*** Opening Dataset content ***
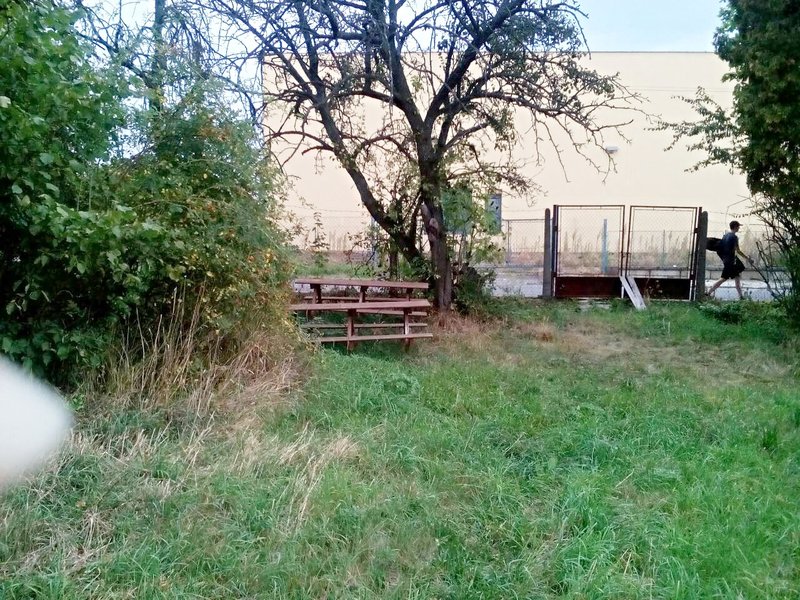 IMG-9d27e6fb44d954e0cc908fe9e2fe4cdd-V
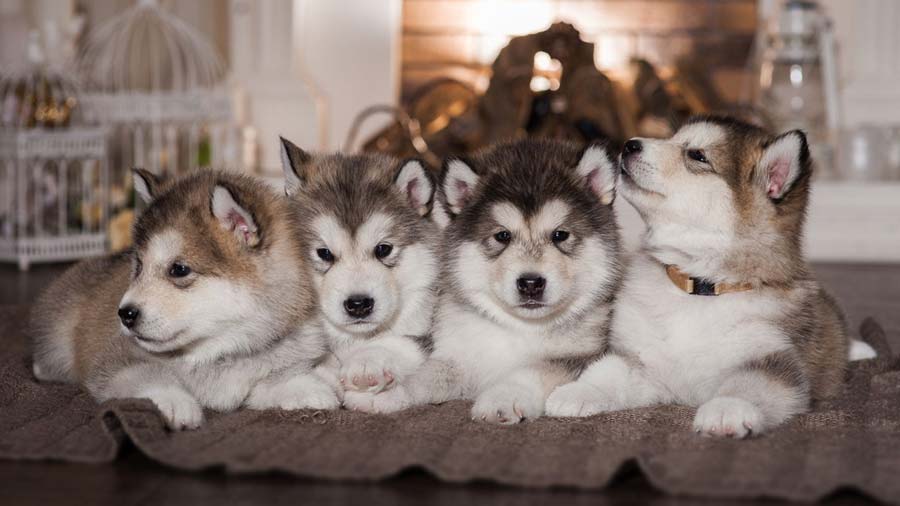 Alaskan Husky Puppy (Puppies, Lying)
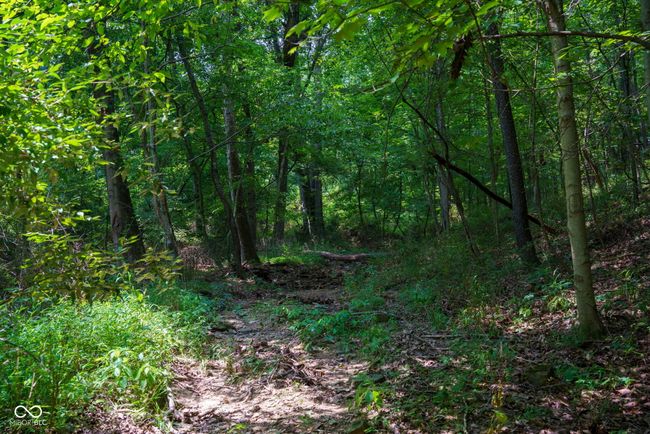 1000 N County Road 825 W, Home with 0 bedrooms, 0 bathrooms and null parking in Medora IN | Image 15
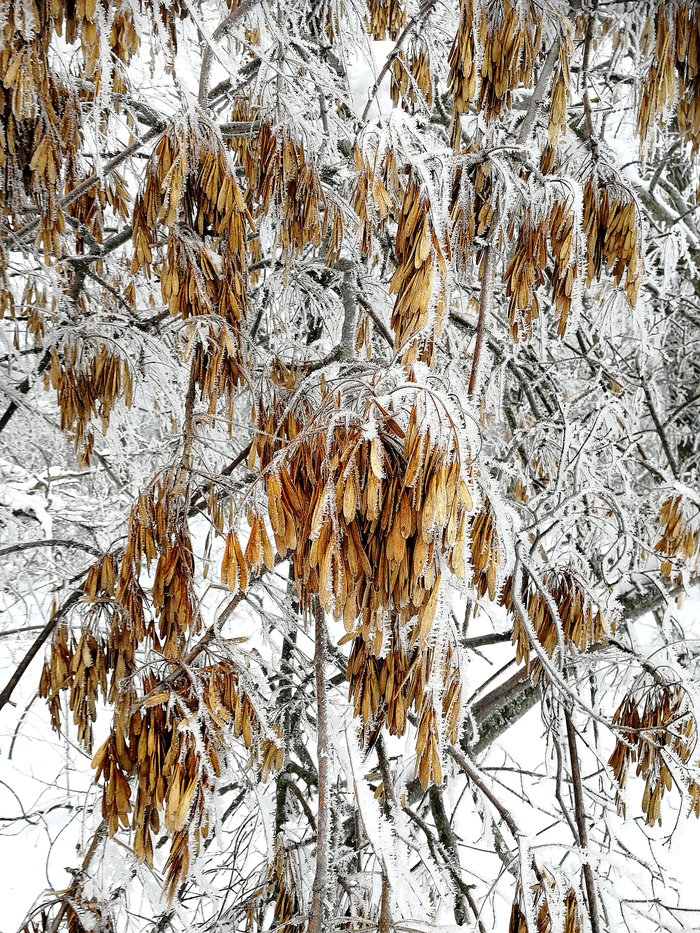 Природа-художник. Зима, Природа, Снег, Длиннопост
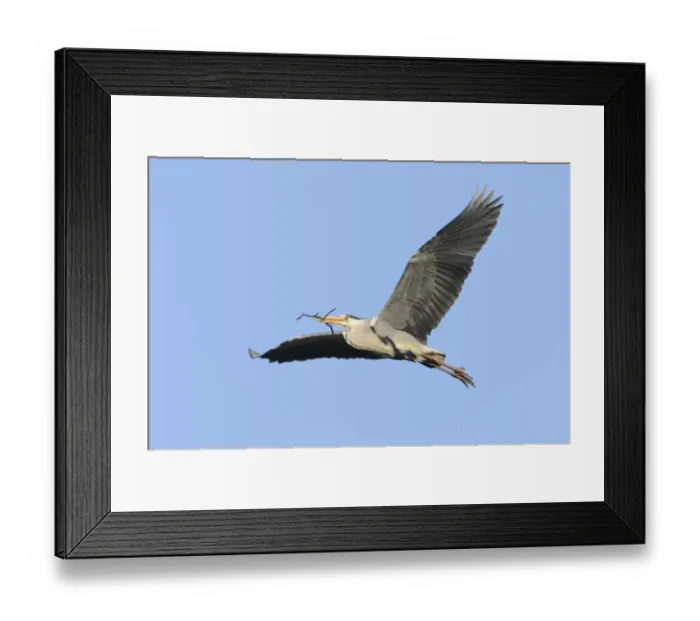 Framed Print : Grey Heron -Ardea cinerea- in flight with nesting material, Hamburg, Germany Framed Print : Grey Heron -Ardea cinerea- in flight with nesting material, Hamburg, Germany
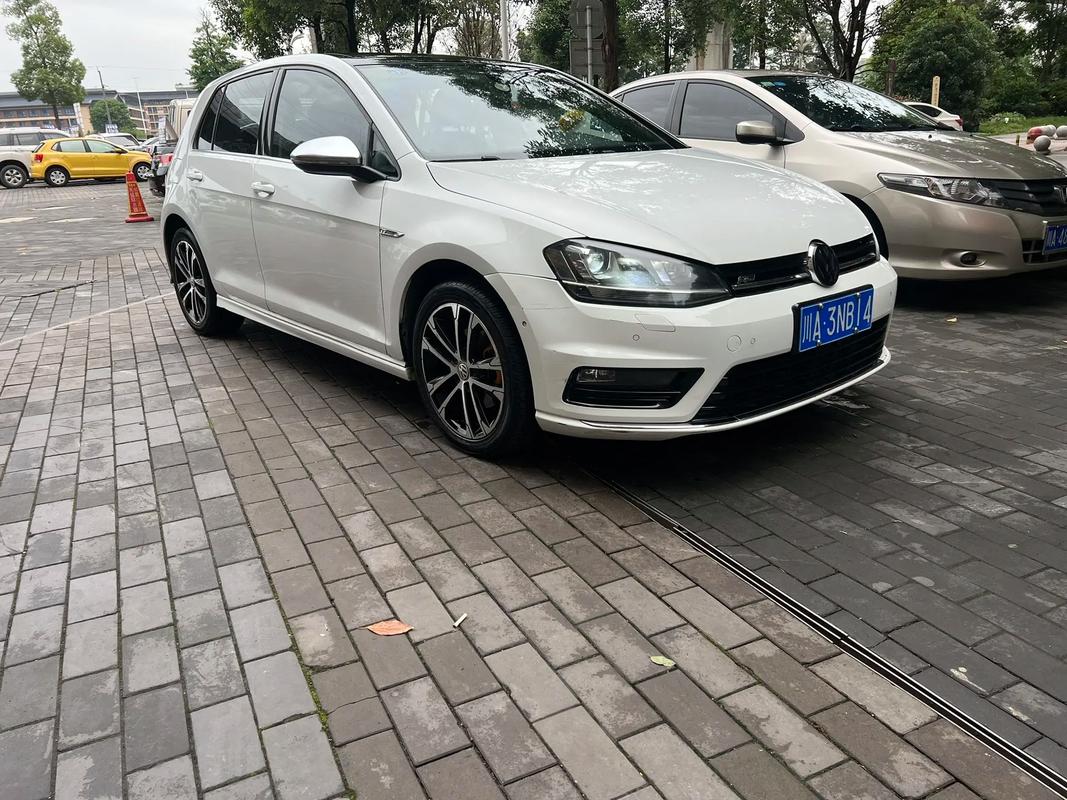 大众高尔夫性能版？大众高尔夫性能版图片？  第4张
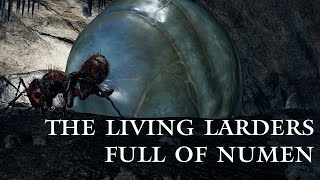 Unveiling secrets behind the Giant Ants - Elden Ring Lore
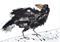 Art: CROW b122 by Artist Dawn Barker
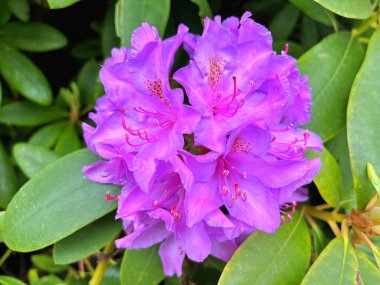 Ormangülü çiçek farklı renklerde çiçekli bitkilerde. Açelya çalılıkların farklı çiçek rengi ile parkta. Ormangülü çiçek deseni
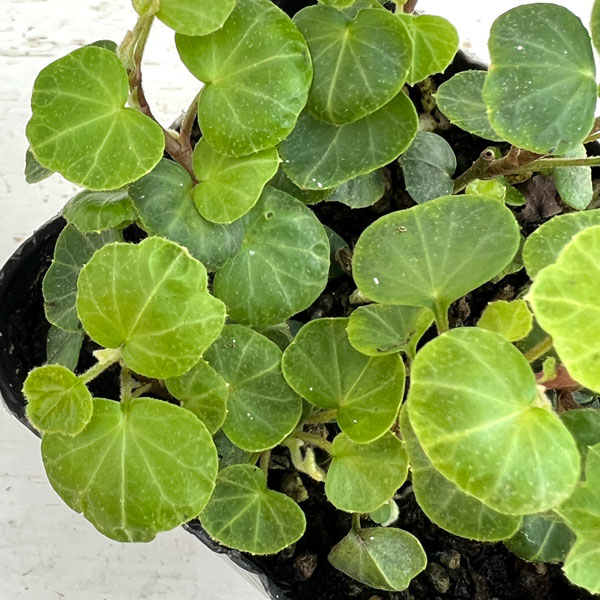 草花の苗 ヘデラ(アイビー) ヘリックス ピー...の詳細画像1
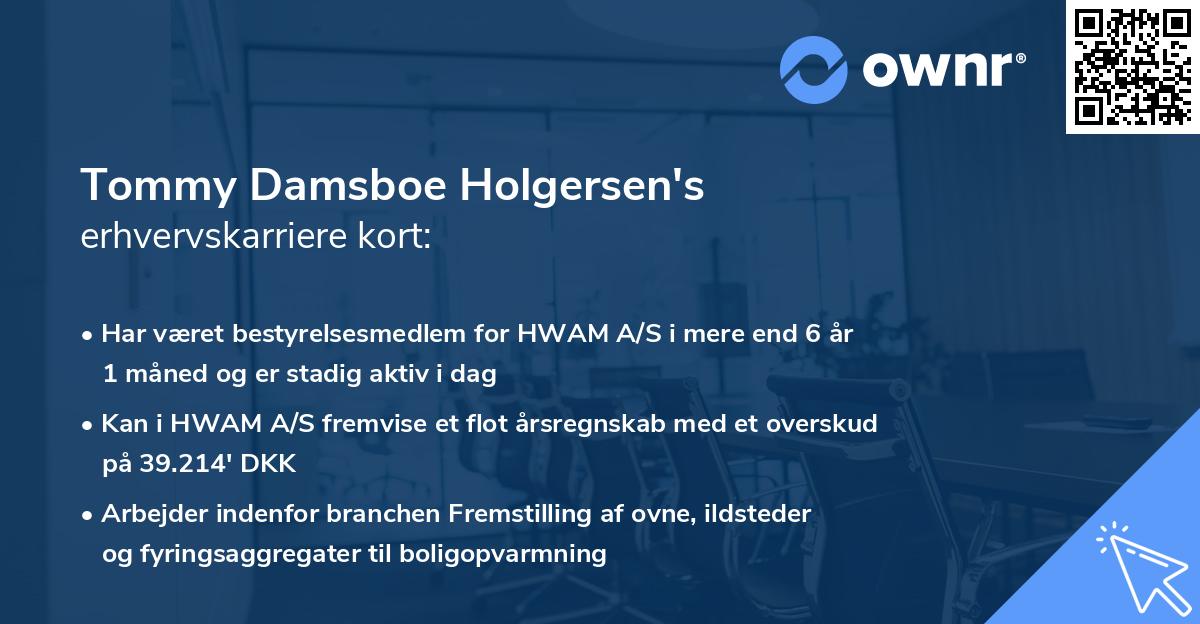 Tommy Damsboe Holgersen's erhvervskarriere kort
*** Closing Dataset content ***
## What is required
A faithful copy of the records above is needed, with the pictures left out.

## Solution to the exercise
 IMG-9d27e6fb44d954e0cc908fe9e2fe4cdd-V
 Alaskan Husky Puppy (Puppies, Lying)
 1000 N County Road 825 W, Home with 0 bedrooms, 0 bathrooms and null parking in Medora IN | Image 15
 Природа-художник. Зима, Природа, Снег, Длиннопост
 Framed Print : Grey Heron -Ardea cinerea- in flight with nesting material, Hamburg, Germany Framed Print : Grey Heron -Ardea cinerea- in flight with nesting material, Hamburg, Germany
 大众高尔夫性能版？大众高尔夫性能版图片？  第4张
 Unveiling secrets behind the Giant Ants - Elden Ring Lore
 Art: CROW b122 by Artist Dawn Barker
 Ormangülü çiçek farklı renklerde çiçekli bitkilerde. Açelya çalılıkların farklı çiçek rengi ile parkta. Ormangülü çiçek deseni
 草花の苗 ヘデラ(アイビー) ヘリックス ピー...の詳細画像1
 Tommy Damsboe Holgersen's erhvervskarriere kort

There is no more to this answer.